The PR's new logic in operators.rs treats NoReturn/Never return types from dunder methods the same as NotImplementedType — it skips them and continues searching for reflected dunders. But NoReturn (meaning 'always raises') is semantically different from NotImplementedType (meaning 'this operation is not supported, try the reflected method'). A dunder that returns NoReturn is a successful resolution — it means the operation will raise, which is valid behavior. The code should not skip NoReturn-returning dunders.

The ret_without_not_implemented filtering converts NotImplementedType to Never, then checks if ret_without_not_implemented.is_never() to skip. But if the original return type was already Never/NoReturn (not NotImplementedType), this check incorrectly skips it too. This is the root cause of both errors.

Error 1 (line 710) is pyrefly-only, confirming it's likely a false positive. Error 2 (line 716) is co-reported by pyright, but pyright may have its own reasons for flagging |= on immutable types — regardless, the pyrefly error message says the operator is 'not supported', which is incorrect since __ior__ is explicitly defined.

Per-category reasoning:

  • NoReturn dunder methods treated as NotImplementedType: The PR's new logic in operators.rs strips NotImplementedType from binop return types and skips dunders whose filtered return is Never. But this also incorrectly skips dunders that genuinely return NoReturn (always raise). EnvironHeaders.or and ImmutableHeadersMixin.ior both return NoReturn because they raise TypeError. The new code skips these valid dunder implementations and then fails to find any operator, producing false positive 'unsupported-operation' errors. The test code wraps these in pytest.raises(TypeError), confirming the operations are intentionally expected to raise.

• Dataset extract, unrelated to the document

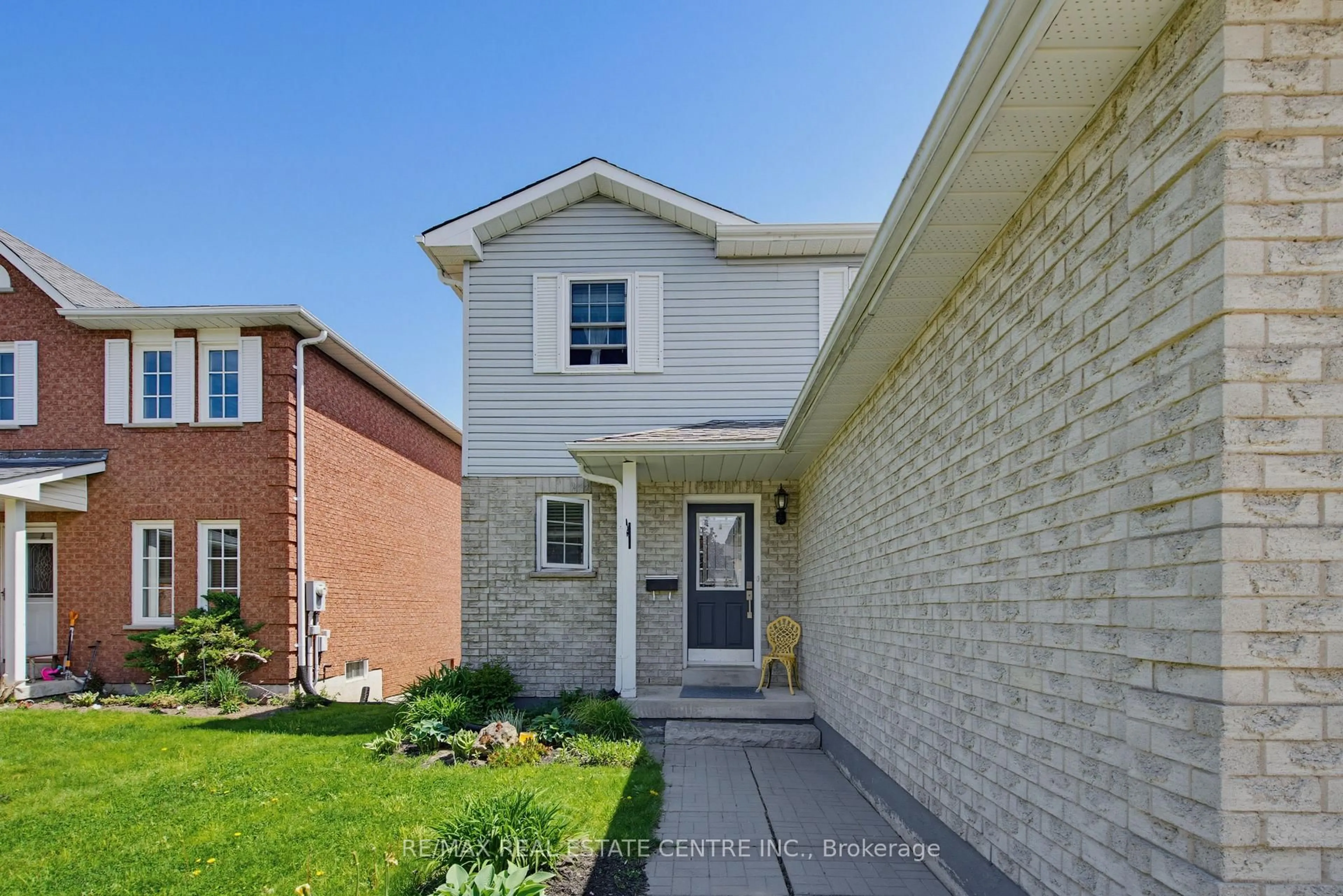 Home with brick exterior material, street for 164 Courtney Cres, Orangeville Ontario L9W 4S4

Attribution: The changes in pyrefly/lib/alt/operators.rs modified the binary operator resolution logic. The new code strips NotImplementedType branches from dunder return types and continues searching reflected dunders. When EnvironHeaders.__or__ returns NoReturn (since it raises TypeError), the old code would have accepted this as a successful dunder call. The new code's NotImplementedType filtering logic may be interacting with NoReturn returns differently, or the stripping of NotImplementedType from Headers.__or__'s return type (which returns NotImplemented on non-Mapping input) causes the resolution to fail to find a valid operator implementation.

Looking more carefully: EnvironHeaders.__or__ (line 656-657 of headers.py) has return type t.NoReturn and always raises. The parent Headers.__or__ returns NotImplemented for non-Mapping inputs, or te.Self for Mapping inputs. When pyrefly resolves EnvironHeaders | dict[str, str], it should find EnvironHeaders.__or__ which has return type NoReturn. The new code in operators.rs checks if the return (after stripping NotImplementedType) is Never/NoReturn and if so, continues to the next dunder. This means it skips EnvironHeaders.__or__ and tries dict.__ror__, which doesn't accept EnvironHeaders. Since no valid operator is found, pyrefly reports unsupported-operation.

For |= (line 716): ImmutableHeadersMixin.__ior__ returns t.NoReturn. The new logic similarly skips this and can't find a fallback, reporting the error.

core (+1)

This is a regression/false positive. The code at line 224 performs end - start in the else branch of the isinstance check at line 216. The variables start and end are declared as datetime | date (lines 214-215). The isinstance check on line 216 tests isinstance(event.start, datetime) and isinstance(event.end, datetime) — in the else branch, at least one of event.start or event.end is not a datetime, meaning it could be a plain date. After assignment on lines 222-223, start and end retain the type datetime | date (since the negation of the and condition doesn't guarantee both are date).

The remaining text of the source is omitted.